The Capitals: Cities Through Time

Design by Thiago Boaventura
Published by Mercury Games
2 – 5 Players, 2 – 3 hours
Review by Greg J. Schloesser

City-building games have always held an attraction for me, as I enjoy watching the city (or cities) expand and develop.  Some are relatively simple and abstract—such as Manhattan—while others are more complex and involved (think La Citta and Suburbia).  One of the earliest I remember playing was Sid Sackson’s Metropolis, which I adored, mainly because of the impressive 3D pieces.

In recent years Suburbia by designer Ted Alspach proved popular, but I grew weary of constantly having to examine opponents’ cities in order to determine the effects and scoring of the tiles I played into my own city.  The absence of this constant examination of opponents’ cities is one of the attractions of The Capitals: Cities Through Time, a mostly overlooked city-building game from designer Thiago Boaventura and Mercury Games. The game has not received much attention from gamers, which is a shame as it is really interesting and challenging.

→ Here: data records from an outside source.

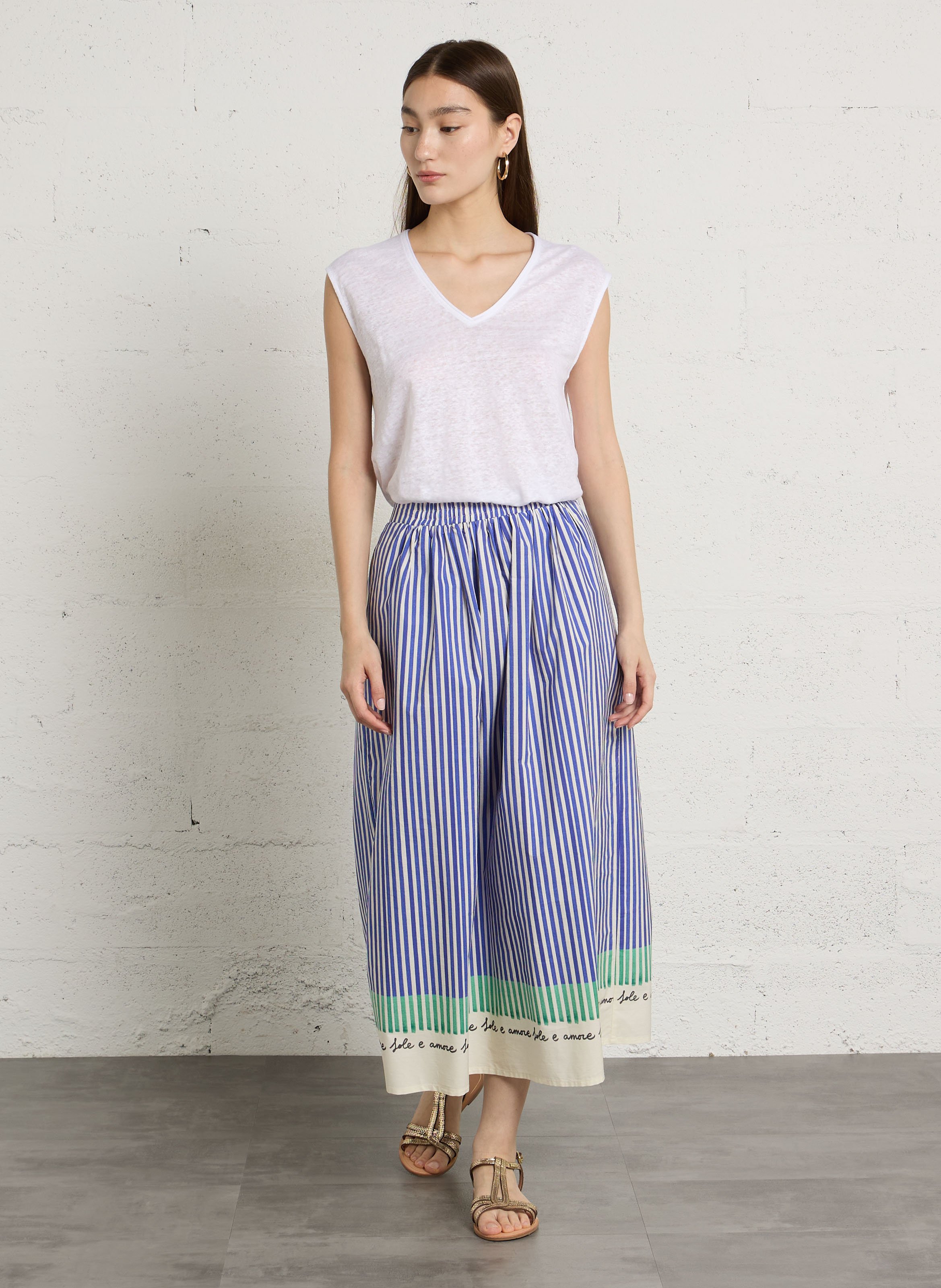 A-line cotton skirt TINSELS Blue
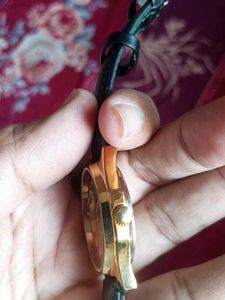 Vintage Hmt Chirag Gold Tone Watch
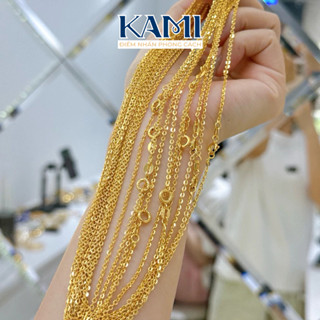 Dây chuyền xích công nhỏ mạ vàng khắc ký hiệu Kami trang sức sỉ DX1 
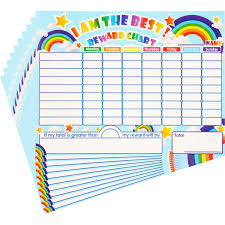 10 Pieces Reward Chore Chart Dry Erase Behavior Chart Learning Responsibility Star Chart Reusable Self Adhesive Reward Chart For Children In Home And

The theme is familiar: developing and growing a city.  However, the twist is that this is done over the course of three eras, very loosely progressing from the Victorian age to modern times.  Players each plan and develop their own city, mostly without any interference from their opponents. This is not really “multi-player solitaire,” however, as there is keen competition for desired buildings and features, as well as a fierce race to be the premier city in terms of cultural, financial and public service advancements.